**What to produce**.
Taking the line with "What is DomainKeys" as the first and the line with "Once we have" as the last, set down exactly every line in that range from the entries below, and no more.

── Data extract

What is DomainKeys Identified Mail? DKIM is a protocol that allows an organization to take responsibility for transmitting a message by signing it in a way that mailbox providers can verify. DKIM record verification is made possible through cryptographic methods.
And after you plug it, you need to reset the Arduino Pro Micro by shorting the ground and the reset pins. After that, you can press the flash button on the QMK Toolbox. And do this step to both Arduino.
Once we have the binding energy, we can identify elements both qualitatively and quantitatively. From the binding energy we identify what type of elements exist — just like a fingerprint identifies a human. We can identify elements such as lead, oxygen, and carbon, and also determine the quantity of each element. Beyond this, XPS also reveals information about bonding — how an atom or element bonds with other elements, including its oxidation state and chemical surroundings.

────
── Data extract

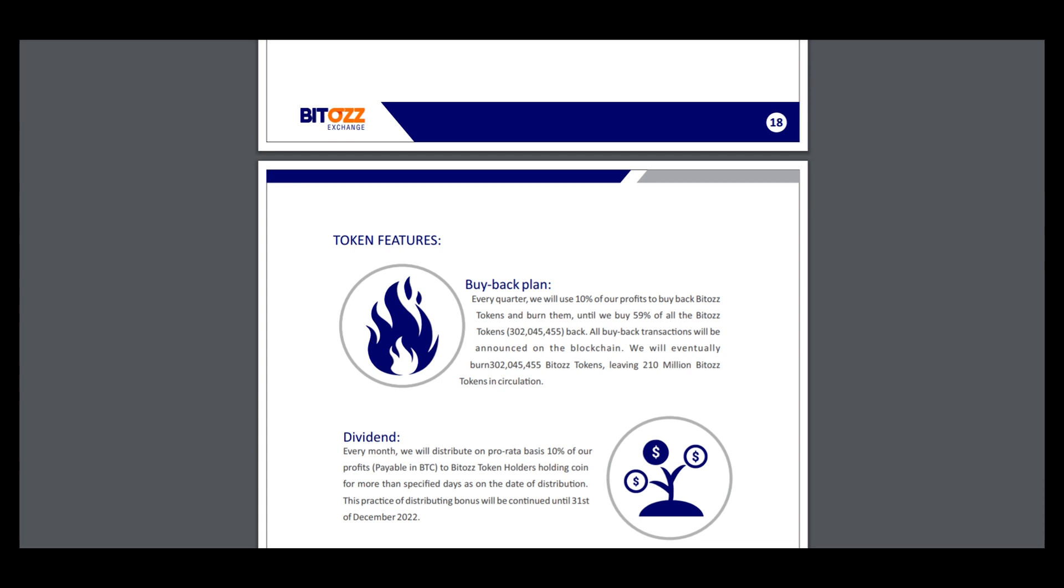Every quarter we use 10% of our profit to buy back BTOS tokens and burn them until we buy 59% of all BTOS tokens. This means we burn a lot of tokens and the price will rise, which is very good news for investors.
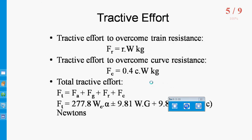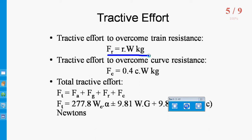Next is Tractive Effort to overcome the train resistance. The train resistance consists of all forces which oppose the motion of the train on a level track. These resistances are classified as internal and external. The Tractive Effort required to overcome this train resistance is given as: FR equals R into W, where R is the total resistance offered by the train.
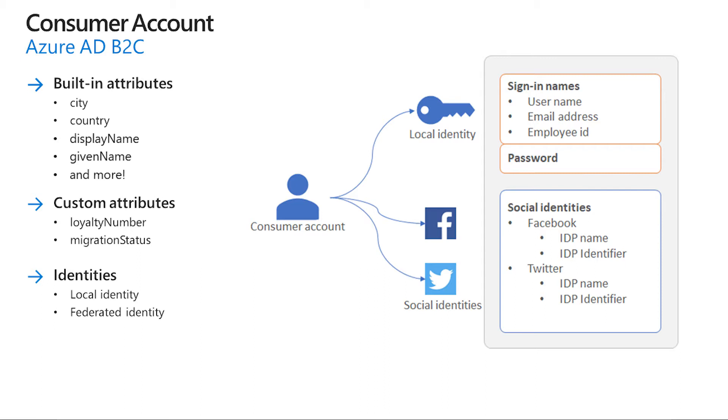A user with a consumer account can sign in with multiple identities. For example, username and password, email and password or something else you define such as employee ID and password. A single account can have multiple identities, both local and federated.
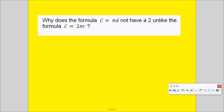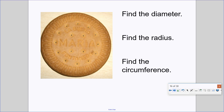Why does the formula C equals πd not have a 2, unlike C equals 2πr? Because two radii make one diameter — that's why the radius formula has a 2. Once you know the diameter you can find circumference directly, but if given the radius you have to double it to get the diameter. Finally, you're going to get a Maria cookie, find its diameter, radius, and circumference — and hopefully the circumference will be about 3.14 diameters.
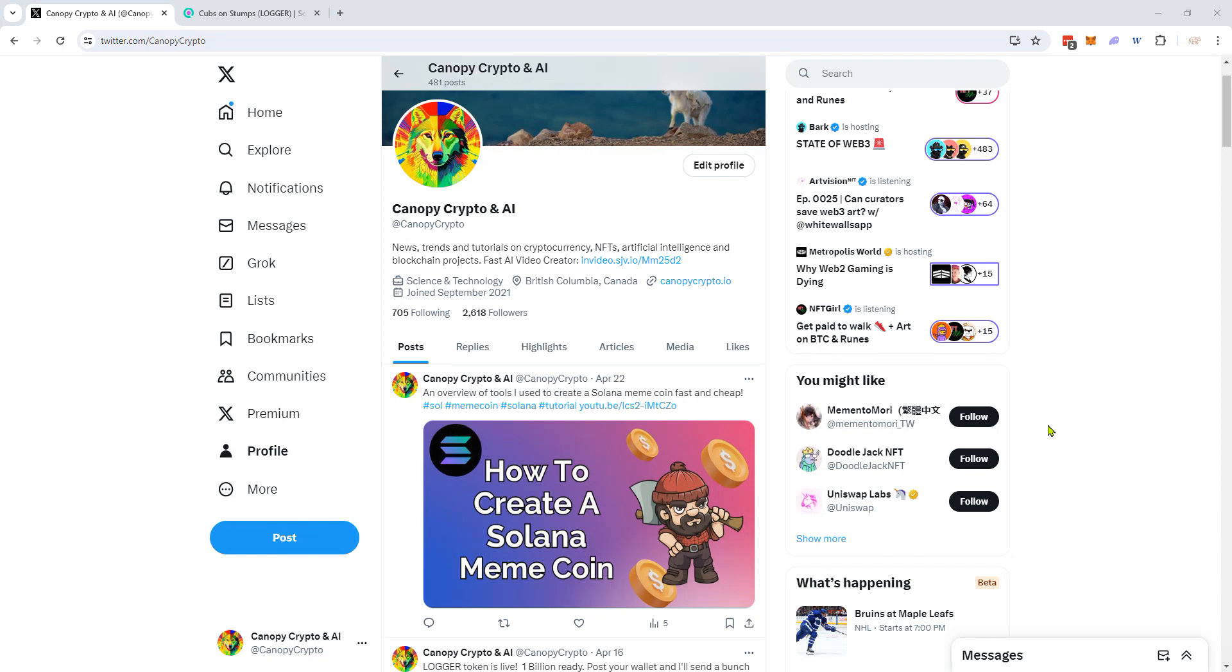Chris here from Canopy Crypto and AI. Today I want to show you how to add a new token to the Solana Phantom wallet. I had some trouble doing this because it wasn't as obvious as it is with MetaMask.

────

**Result of the task**.
What is DomainKeys Identified Mail? DKIM is a protocol that allows an organization to take responsibility for transmitting a message by signing it in a way that mailbox providers can verify. DKIM record verification is made possible through cryptographic methods.
And after you plug it, you need to reset the Arduino Pro Micro by shorting the ground and the reset pins. After that, you can press the flash button on the QMK Toolbox. And do this step to both Arduino.
Once we have the binding energy, we can identify elements both qualitatively and quantitatively. From the binding energy we identify what type of elements exist — just like a fingerprint identifies a human. We can identify elements such as lead, oxygen, and carbon, and also determine the quantity of each element. Beyond this, XPS also reveals information about bonding — how an atom or element bonds with other elements, including its oxidation state and chemical surroundings.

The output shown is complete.